Task prompt =
Without copying any picture, return all lines below exactly.

Data block =
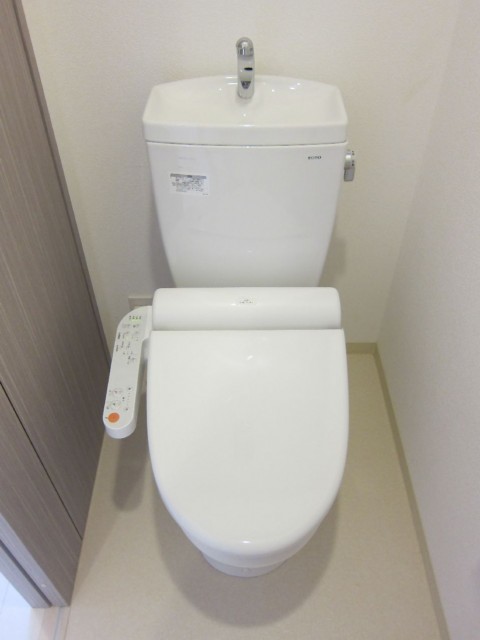 EXZA浅草ＥＡＳＴ　トイレ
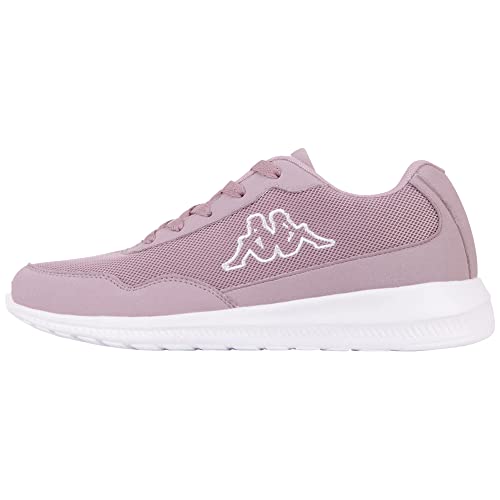 Kappa Unisex 242495nc-2310_41 Sneakers, Violett, 41 EU von Kappa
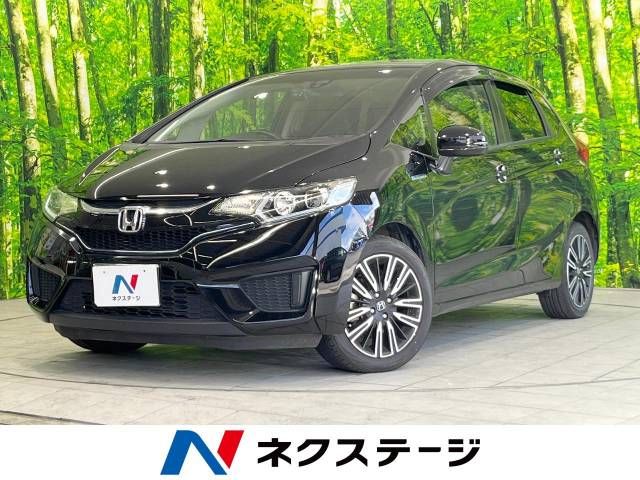 HONDA FIT HYBRID 2016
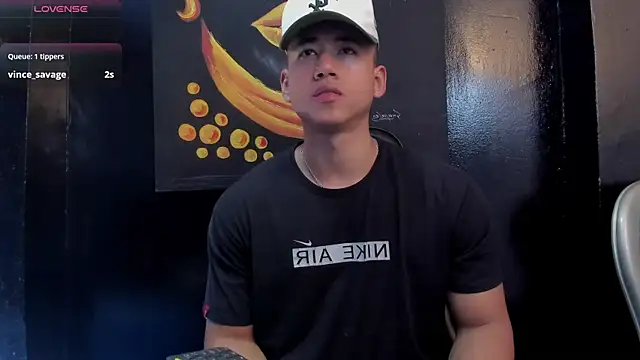 Draven Marceaux online show from October 6, 11:51 am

Written response =
 EXZA浅草ＥＡＳＴ　トイレ
 Kappa Unisex 242495nc-2310_41 Sneakers, Violett, 41 EU von Kappa
 HONDA FIT HYBRID 2016
 Draven Marceaux online show from October 6, 11:51 am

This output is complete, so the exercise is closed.